* **What is required**
Would you reproduce, word for word, only the lines running from the top of the data through the line containing "Be In Your Mind", and none of the pictures?

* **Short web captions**
· · · ·

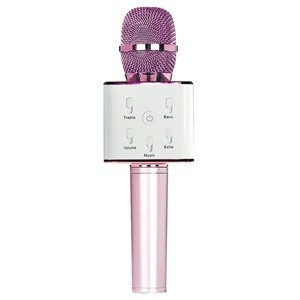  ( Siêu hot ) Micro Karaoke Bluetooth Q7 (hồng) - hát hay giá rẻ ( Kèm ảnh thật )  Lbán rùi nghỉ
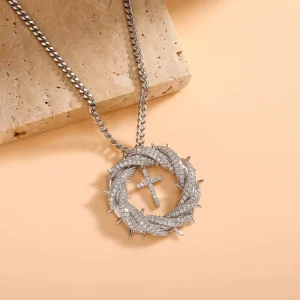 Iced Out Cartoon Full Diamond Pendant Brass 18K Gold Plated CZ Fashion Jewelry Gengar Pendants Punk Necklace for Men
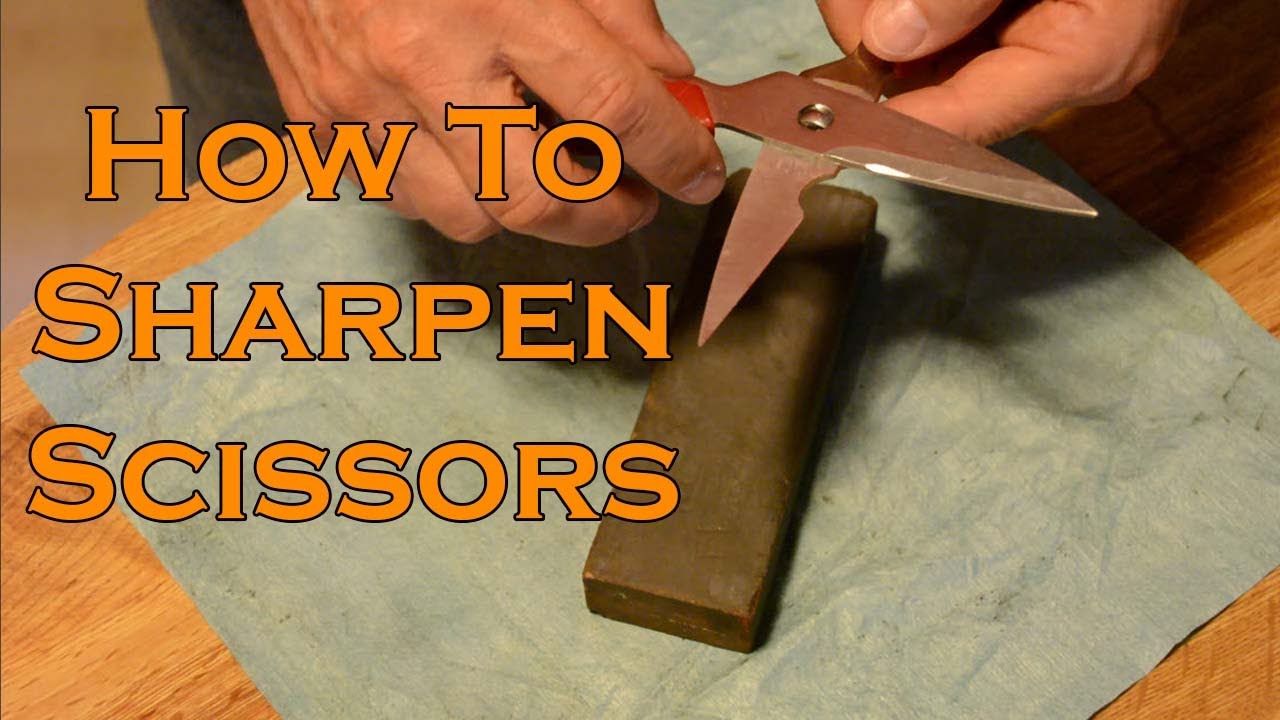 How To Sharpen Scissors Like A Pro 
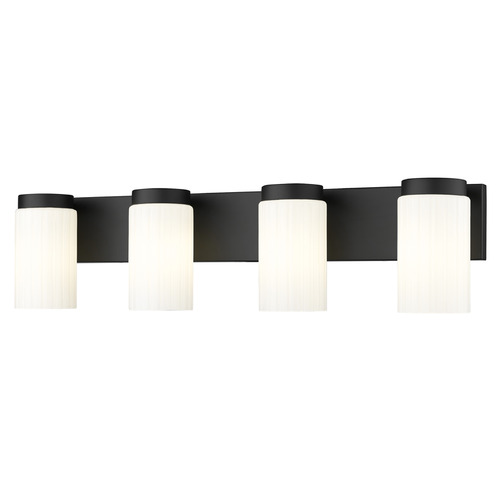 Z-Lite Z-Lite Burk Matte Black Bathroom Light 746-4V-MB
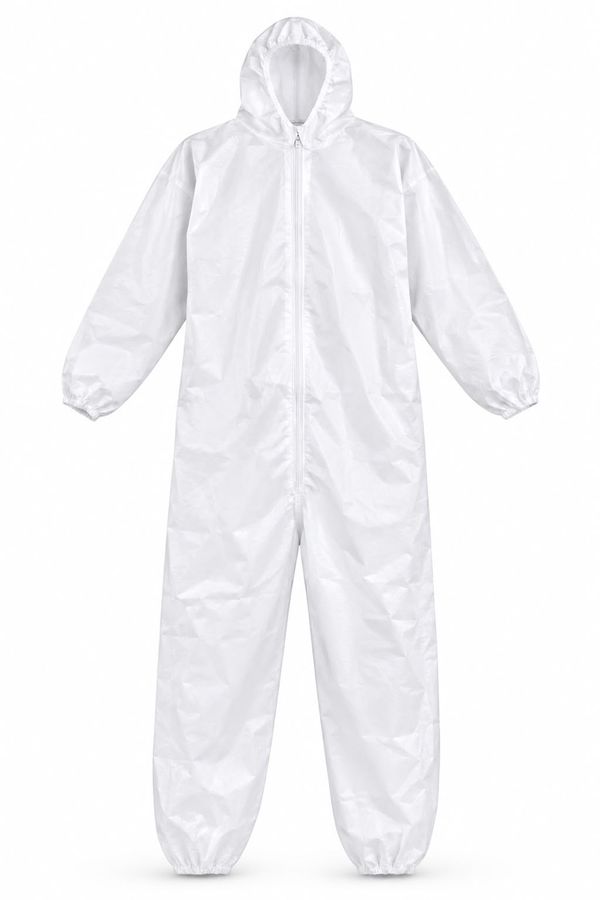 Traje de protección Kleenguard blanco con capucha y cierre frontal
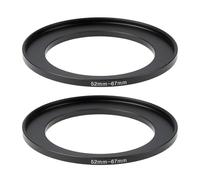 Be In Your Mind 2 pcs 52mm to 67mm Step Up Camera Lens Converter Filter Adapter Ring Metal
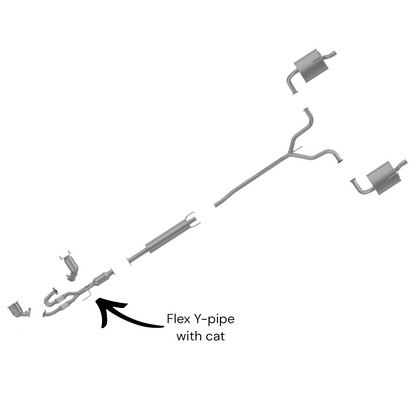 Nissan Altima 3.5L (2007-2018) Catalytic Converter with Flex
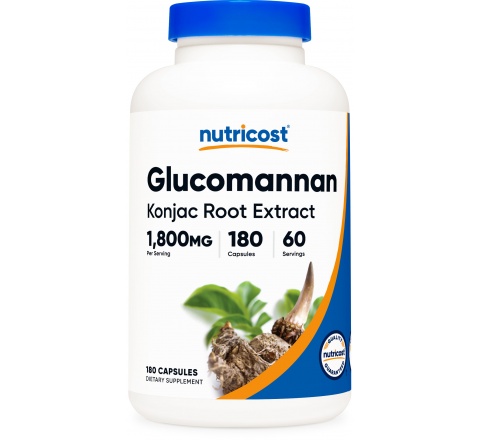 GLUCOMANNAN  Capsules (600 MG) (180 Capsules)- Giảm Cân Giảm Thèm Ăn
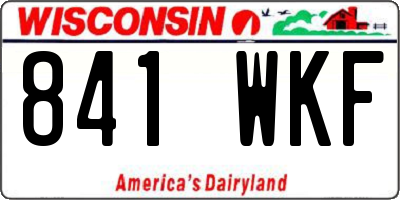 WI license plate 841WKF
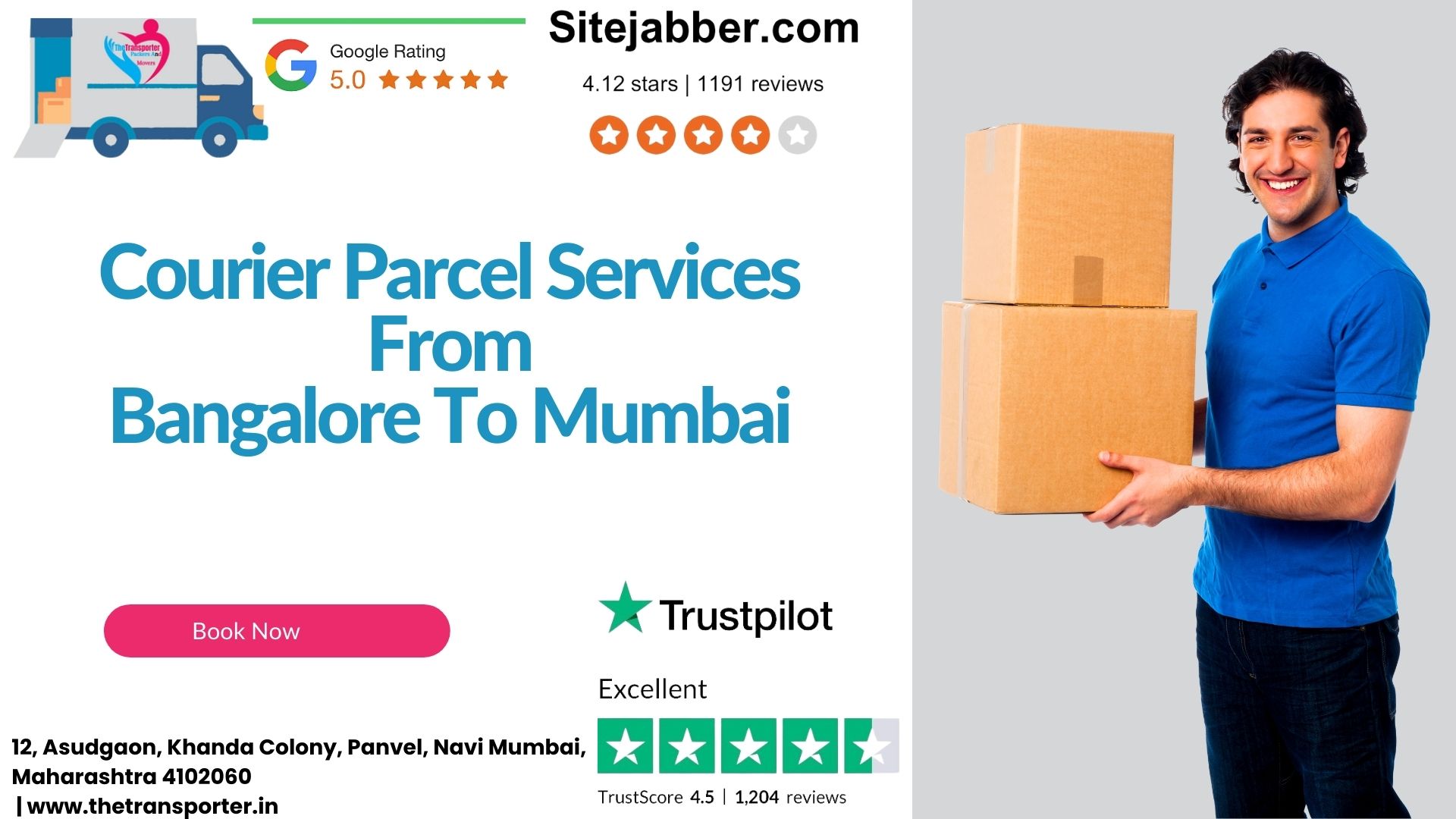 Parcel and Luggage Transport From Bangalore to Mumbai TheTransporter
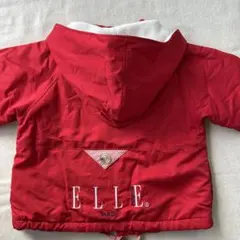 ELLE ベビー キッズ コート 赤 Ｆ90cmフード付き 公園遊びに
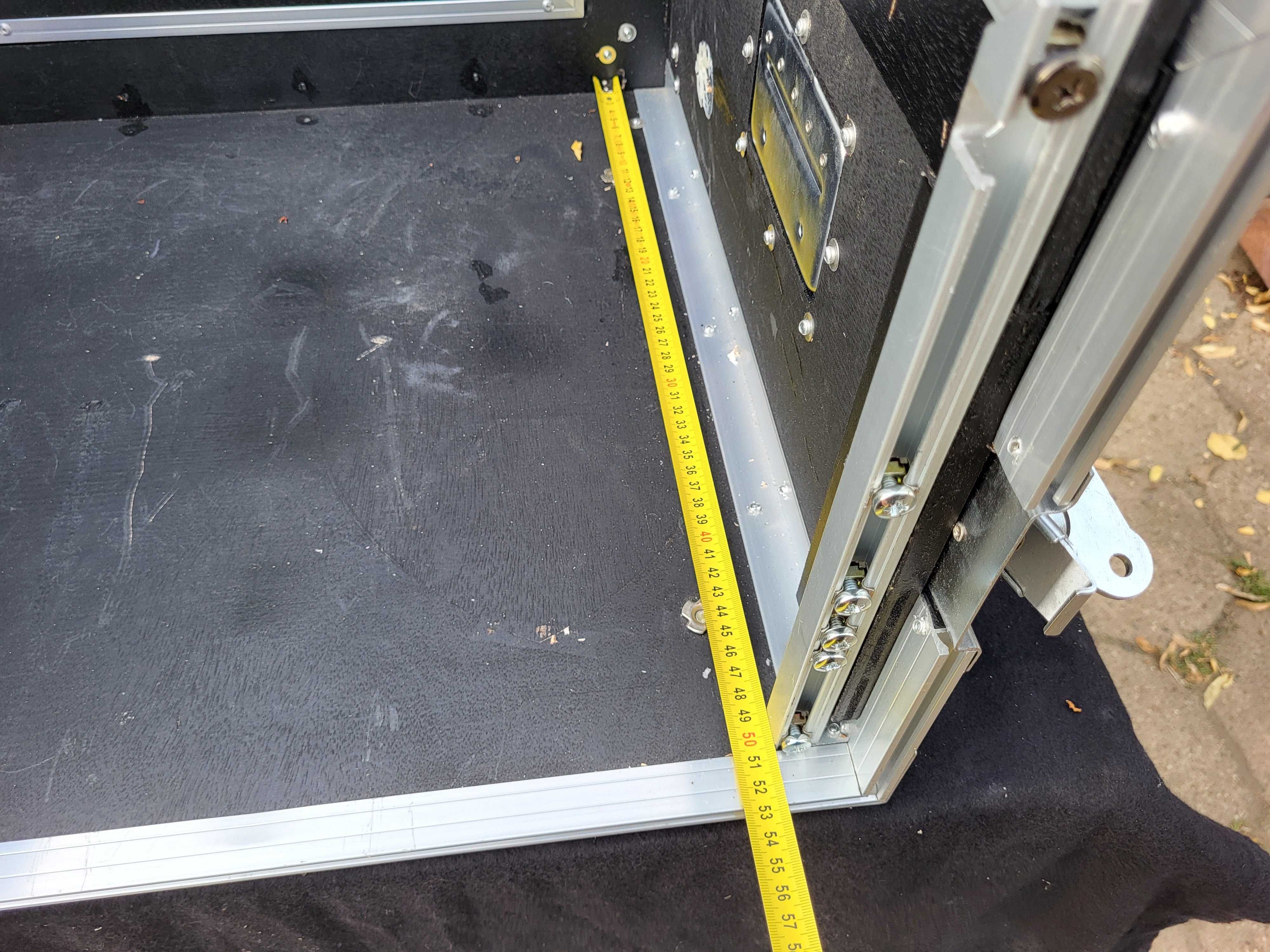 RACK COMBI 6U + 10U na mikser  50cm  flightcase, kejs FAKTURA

· · · ·

* **Exercise response**
  ( Siêu hot ) Micro Karaoke Bluetooth Q7 (hồng) - hát hay giá rẻ ( Kèm ảnh thật )  Lbán rùi nghỉ
 Iced Out Cartoon Full Diamond Pendant Brass 18K Gold Plated CZ Fashion Jewelry Gengar Pendants Punk Necklace for Men
 How To Sharpen Scissors Like A Pro 
 Z-Lite Z-Lite Burk Matte Black Bathroom Light 746-4V-MB
 Traje de protección Kleenguard blanco con capucha y cierre frontal
 Be In Your Mind 2 pcs 52mm to 67mm Step Up Camera Lens Converter Filter Adapter Ring Metal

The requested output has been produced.